Annual allowance changes could slash DB benefits
Members of final salary schemes could see the annual benefits they are able to build up slashed by a third as a result of the Government’s plans to cut the annual allowance to between £30,000 and £45,000.
In last week’s consultation paper on restricting pensions tax relief, the Treasury suggested cutting the lifetime allowance from £1.8m to £1.5m.
It says the revenue raised by the move could allow it to index the annual allowance in future.
But according to Towers Watson, the impact on high earners in defined benefit schemes could be magnified because the Government will also look to increase the factor used to calculate benefits from 10 to between 15 and 20.

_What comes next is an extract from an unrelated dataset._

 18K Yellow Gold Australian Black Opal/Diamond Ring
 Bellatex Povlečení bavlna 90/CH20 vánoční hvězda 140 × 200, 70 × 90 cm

The firm says the maximum pension that can be built up in a tax-advantaged final salary scheme could be cut from £90,000 to £60,000 a year.
Senior consultant Mick Calvert says: “That would be the result if the Government decided that each pound of annual income was worth £25 instead of £20 at the same time as shaving £300,000 off the lifetime allowance.
“By freezing the annual allowance, the Government will increase tax revenues by dragging more people into the net.
“The deal ministers seem to be offering could be good news for high earners whose pension saving is largely ahead of them as the new annual limits will make it difficult for them to build a £1.8m pot in any case. It is bad news for high earners who have around £1.5m saved already and who had hoped to save more.”
The firm adds that “transitional protection”, which is supposed to avoid taxing the money people have already saved in pensions, will be a potential minefield if the lifetime allowance is reduced.